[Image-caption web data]
= = = = = = =

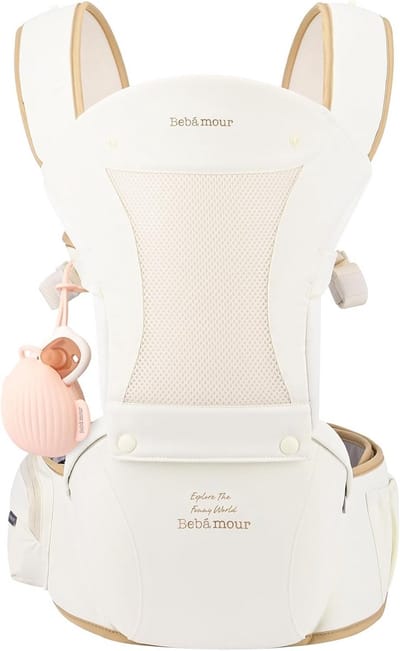 Comfortabele Draagzak voor Baby's en Peuters (0-36 Maanden) met Heupzitje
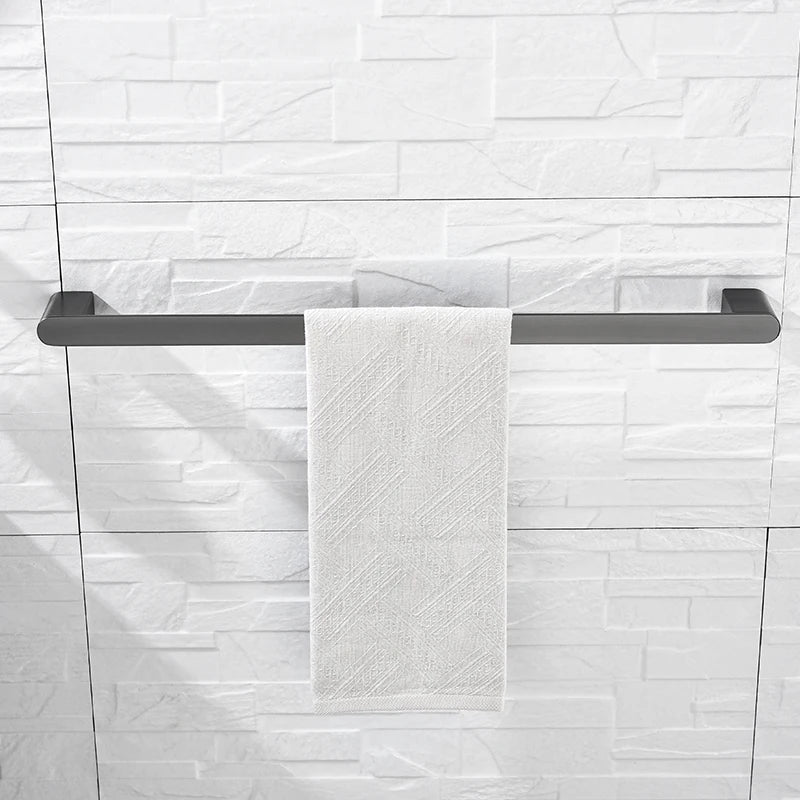 porte serviettes mural acier inoxydable noir doré argenté lisse moderne vis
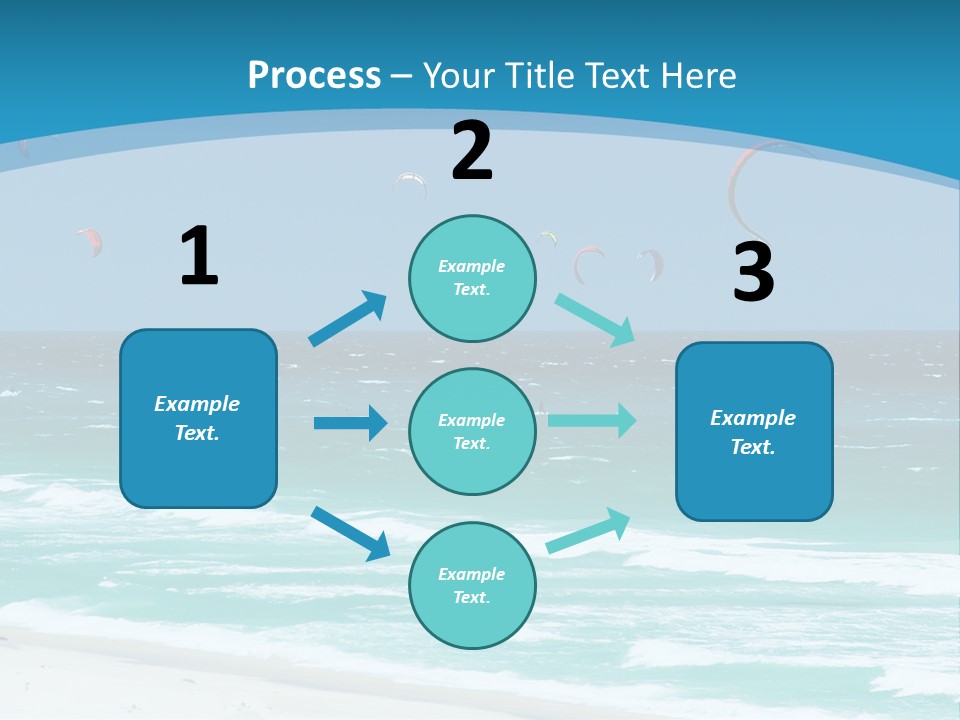 A Group Of Kites Flying Over The Ocean PowerPoint Template
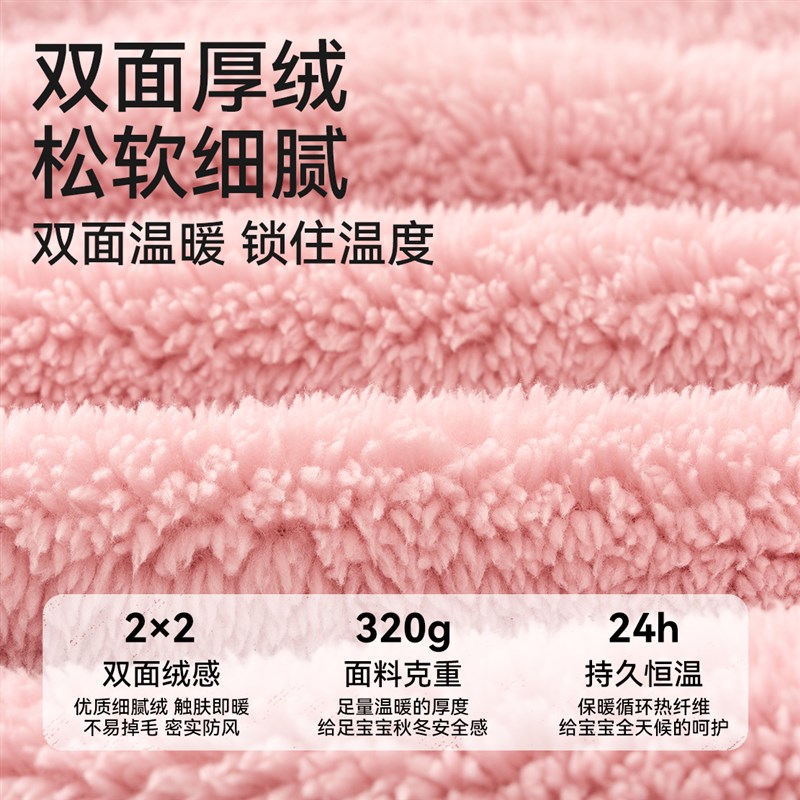 儿童睡衣秋冬季男女孩法兰绒家居服小童2024加绒加厚保暖外穿套装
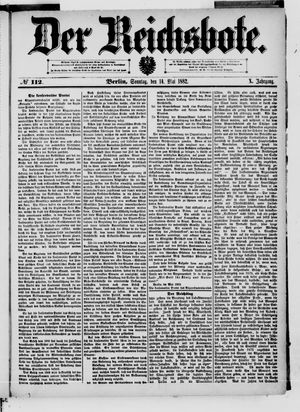 Der Reichsbote vom 14.05.1882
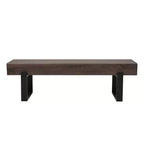 Banquette de salle à manger style campagne 59, avec plateau en MDF et pieds en métal, pour usages multiples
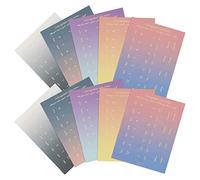 ECSiNG 10 fogli adesivi mensili per indici colorati mensili separatori tabs scuola studio planner adesivi per ufficio studio pianificatori organizzazioni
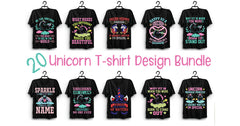 Unicorn T Shirt Bundle 4 - CraftNest - Digital Crafting and Art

= = = = = = =

- [Exercise prompt] For this exercise, repeat word for word only the lines from the one containing "Reichsbote vom 14.05.1882" through the end of the data, including both. Pictures do not go in the copy.

- [Reply to the exercise]
 Der Reichsbote vom 14.05.1882
 Banquette de salle à manger style campagne 59, avec plateau en MDF et pieds en métal, pour usages multiples
 ECSiNG 10 fogli adesivi mensili per indici colorati mensili separatori tabs scuola studio planner adesivi per ufficio studio pianificatori organizzazioni
 Unicorn T Shirt Bundle 4 - CraftNest - Digital Crafting and Art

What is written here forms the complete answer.